Out of 100 billionaires in Asia, 13 of them are in Hong Kong. The poorest of the 13 billionaires, barely qualifying with networth of only $1 billion, is C.H. Tung, the incoming chief executive of the government when Hong Kong reverts to China.
The fable of Hong Kong's high density of billionaires, roughly one billionaire for every half a million population, is becoming familiar even in the West, usually not too well informed about the mysterious East. Some of the stories of wealth peculiar to Hong Kong are less well known and, I think, the West would find startling if not flabbergasting.
Take the former Hongkong Hilton for example. Once the largest hotel in all of Hong Kong, the owner had spent $14 million and nine months to remodel and rennovate into the "hotel of the next century. " Just six months after the reopening in 1995, the owner announced its permanent closure and bought Hilton International out of the remaining 20 years of management contract.
Why? Simple Hongkongnomics.
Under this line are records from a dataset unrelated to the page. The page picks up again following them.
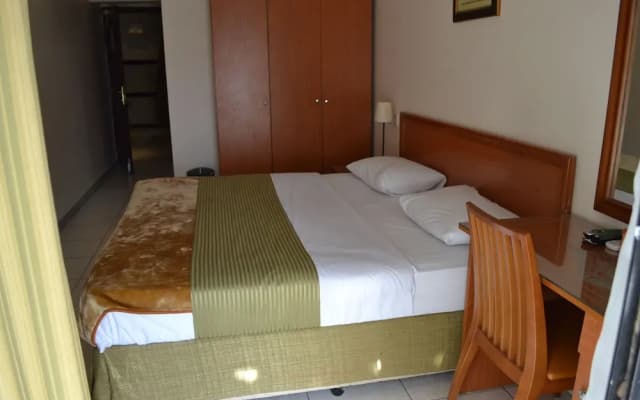 Tara Hotel - photo 4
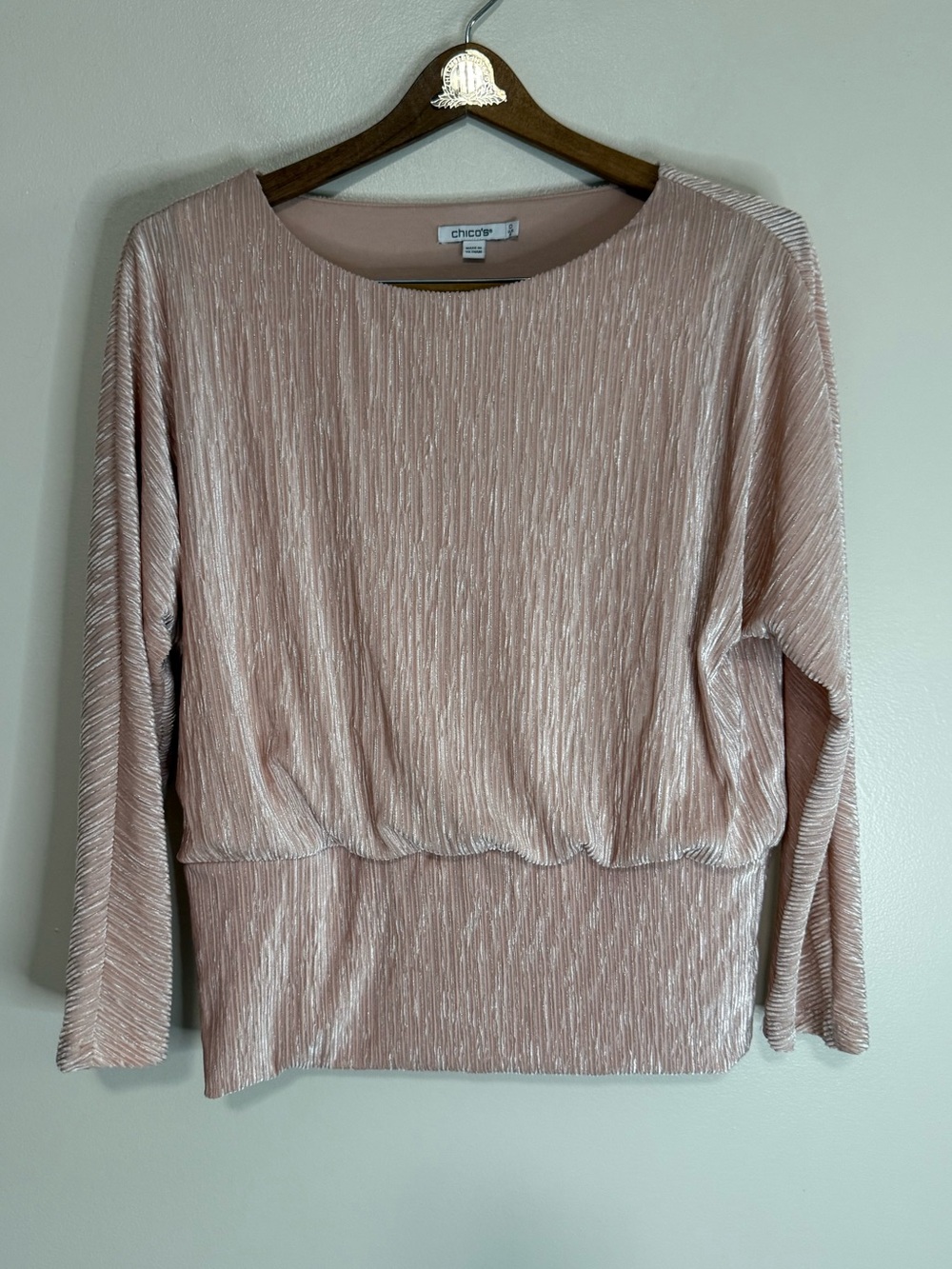 Chico's Blush Pink Metallic Pleated Long-Sleeve Top size small (0)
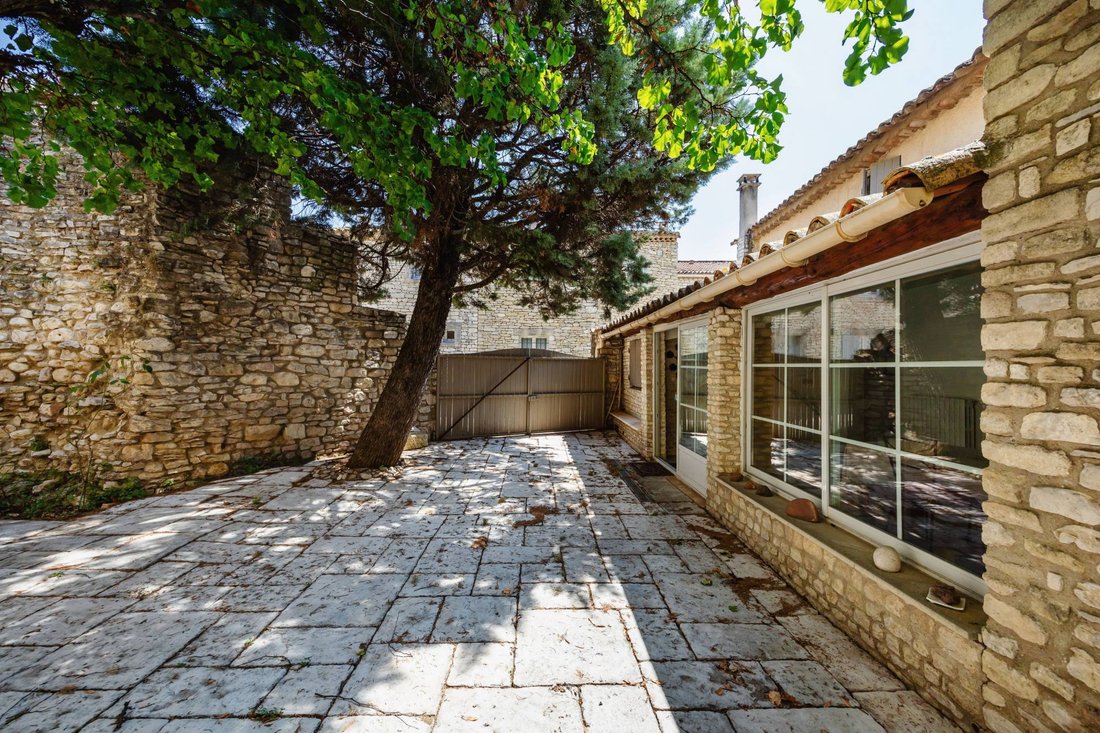 House in Gordes, Provence-Alpes-Côte d'Azur, France 2 - 16256075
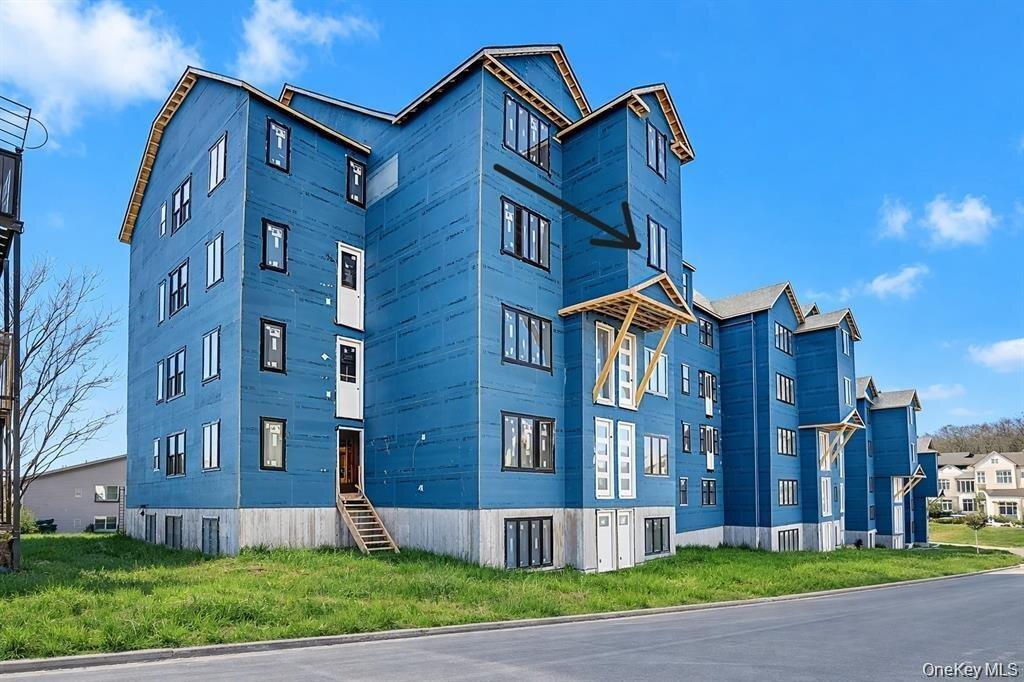 View of apartment building / complex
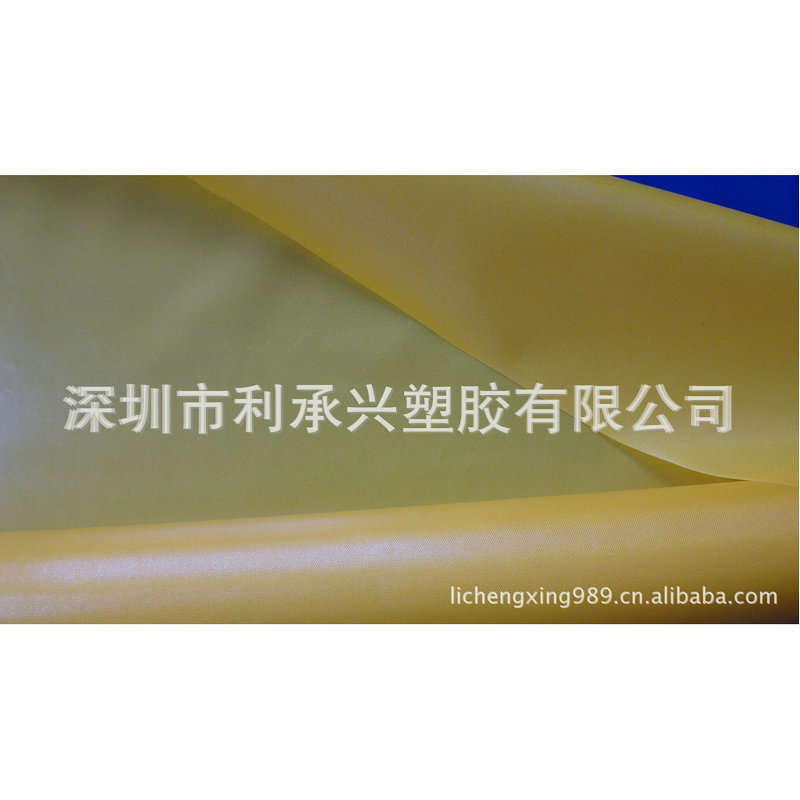 尼龙布400D+一面贴TPU+一面途层TPU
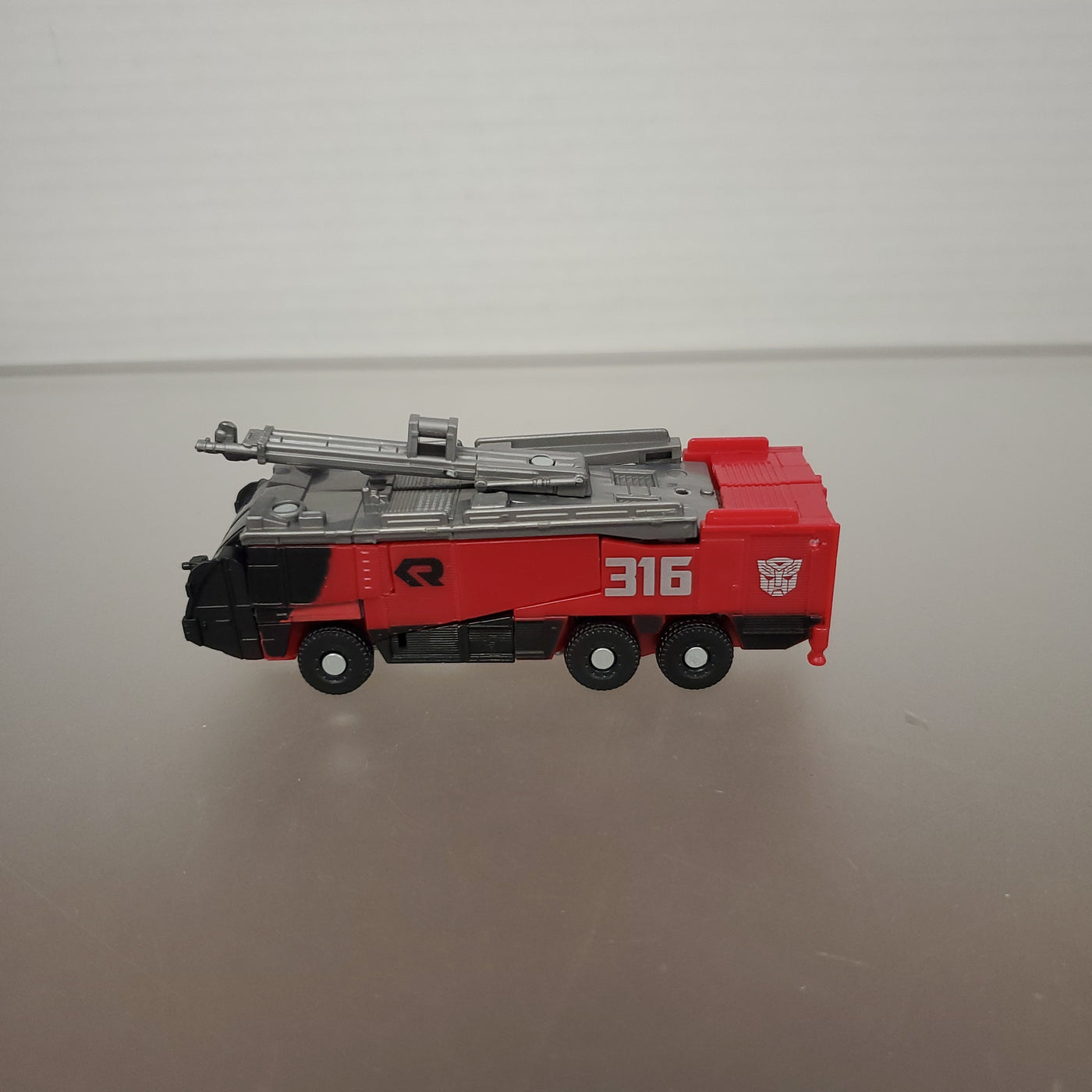 TRANSFORMERS DOTM SENTINEL PRIME COMMANDER CLASS COMPLETE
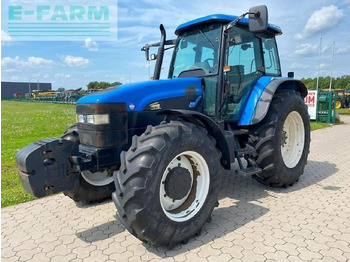 Traktor NEW HOLLAND TM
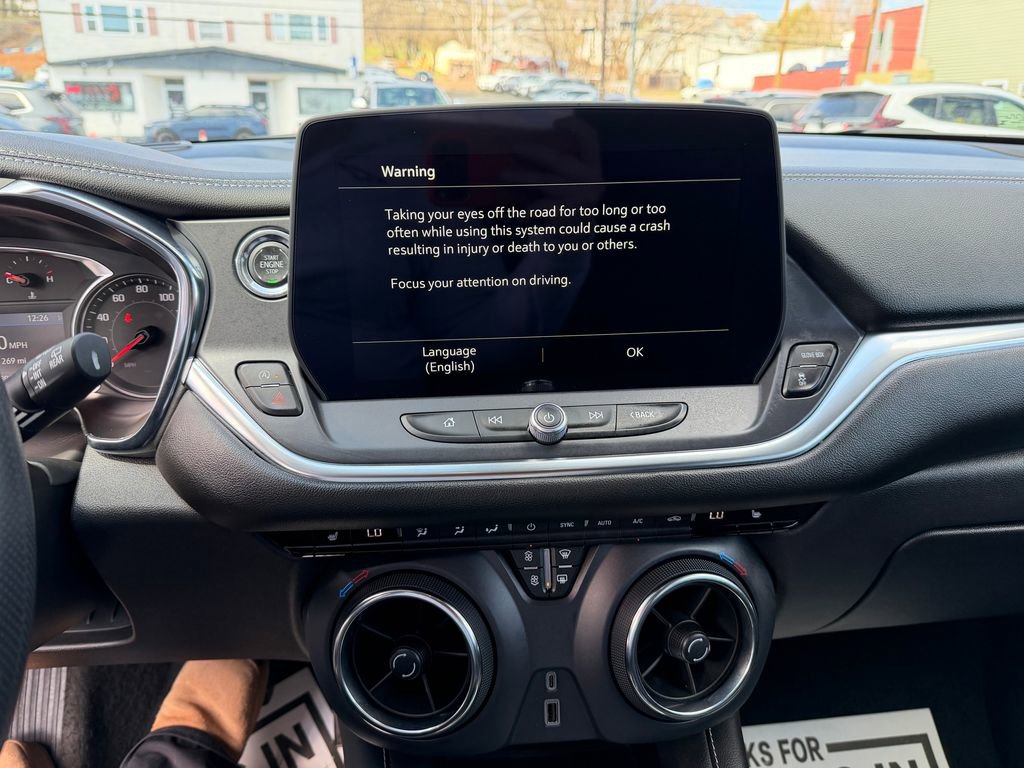 Used 2025 Chevrolet Blazer LT image 17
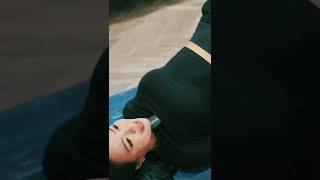Maria Vania U0026 Wika Salim kretek Abalabal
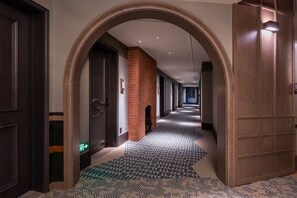 Handrails in hallways - Wuhan Hankou Jiangtan Manxin Mansion (Wuhan)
It seems that due to its prime location, the land, if made suitable for an office building, is worth twice the value with a hotel standing on it! Since the land was appraised at around $130 million, it was no brainer to throw out the hotel, $14 million worth of improvements and all. Today the foundation for the new office tower has been laid, but the owner seems to be in no hurry, being swayed no doubt by some indication of supply in office space exceeding demand. No one so far has suggested that the owner might have miscalculated.
Recently comes another story that belong in the "can-only-happen-in-Hongkong" category. Parking spaces are so scarce in some areas that many office buildings are selling parking spaces at $100,000 or more a pop. That's in U.S. dollars for one very tight parking space. Don't have a car, you say? No problem. One of the parking garage developers is throwing a free car to the buyer. Some buyers who can't afford the millions to participate in the booming real estate market of Hong Kong are buying these spaces on speculation.
Just how expensive is real estate in Hong Kong? On a recent Sunday edition of the South China Morning Post, a feature article described the spacious accommodations that a young couple can buy in Vancouver, Washington D.C. and London but would have to pay at least five times more in Hong Kong for a fraction of living space.
Over dinner with the president of a trading company, he proudly described the merits of his young director of sales, not yet thirty years old. He said that he is paying Eugene, the sales director, over $100,000 a year and worth every penny. But the owner noted with regret, even at that salary, Eugene cannot as yet afford to buy his own flat in Hong Kong.
All that glitters from the Pearl of the Orient may be gold, but may still not be enough to get a decent place to live.